Crono U23 e Donne Il nostro CT Sandro Callari individua nell'ucraino Gabrovsky e nell'australiano Goss i grandi favoriti. A difendere i colori azzurri saranno Luca Barla ed Alan Marangoni, senza grandi velleità di piazzamento tra i primissimi. "Sono lontani dal podio" ammette Callari "ma siamo in fase di costruzione. Non ci può essere futuro senza competenze e conoscenze e noi stiamo lavorando per accrescere e consolidare tutto questo". Tra le donne la svizzera Karin Thurig difende il titolo forte del successo anche alla recente Chrono Champenois, una importante gara contro il tempo che si svolge in Francia. Tra le rivali accreditate si possono inserire la tedesca Judith Arndt, la kazaka Zoulfia Zabirova, l'americana Kristin Armstrong. Anche qui le nostre atlete non avranno grandi speranze di medaglia. A correre saranno Tatiana Guderzo e Silvia Valsecchi, campionessa nazionale della specialità. "Un tracciato difficile" dice il CT Salvoldi "La prima parte inizia con una salita. La difficoltà sarà trovare subito il ritmo giusto da tenere per tutta la gara. Penso che le differenze saranno determinate in questa prima parte di gara."

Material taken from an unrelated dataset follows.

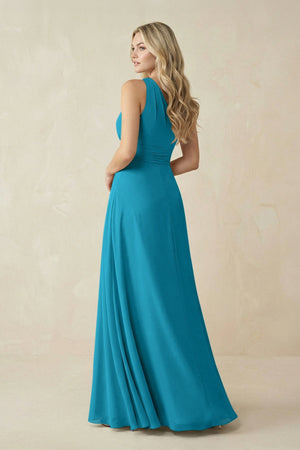 One - Shoulder A - Line Chiffon Bridesmaid Dress in Blue Jay - SHE IS ME Bridesmaid Dresses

Boonen tra speranze e polemiche Il campione del mondo uscente è molto soddisfatto della lista presentata dal nuovo selezionatore belga Carlo Bomans. "La squadra è forte e ben equilibrata" si sbilancia Boonen "Sei dei nove corridori sono della stessa generazione, ci conosciamo da quando siamo ragazzini. Gli altri tre, Baguet, Hoste e Hulsmans, sono corridori di esperienza. Abbiamo corridori diversi, un collage fantastico". Intanto però la marcia di avvicinamento a Salisburgo è stata turbata da un violento scontro tra Boonen stesso ed un senatore belga, Jean Marie Dedecker. Il politico in questione durante un'intervista ha affermato di essere a conoscenza del fatto che tre importanti sportivi belgi fossero stati in Italia per sottoporsi ad un trattamento illecito. Alla domanda su un eventuale coinvolgimento di Boonen in questa vicenda, Dedecker non ha confermato nè smentito, attirandosi le ire del campione del mondo. Boonen adesso presenterà una querela contro il senatore.
Macchi con la nazionale Fabrizio Macchi, reduce dai Campionati del Mondo IPC (International Paralympic Committee) di Aigle, porterà il suo personale “in bocca al lupo” agli azzurri in partenza per i Mondiali di Salisburgo. E lo farà nella maniera che più si addice ai campioni, ossia pedalando con loro. Macchi, che nella rassegna iridata ha collezionato tre medaglie di bronzo (nell’inseguimento e nei mille metri su pista, e nella cronometro su strada) parteciperà infatti all’allenamento che la squadra azzurra, in ritiro pre-mondiale a Varese, sosterrà domani. «Sono davvero felice di poter passare il testimone a questi campioni – dichiara il varesino –. Spero che le mie medaglie siano di buon auspicio».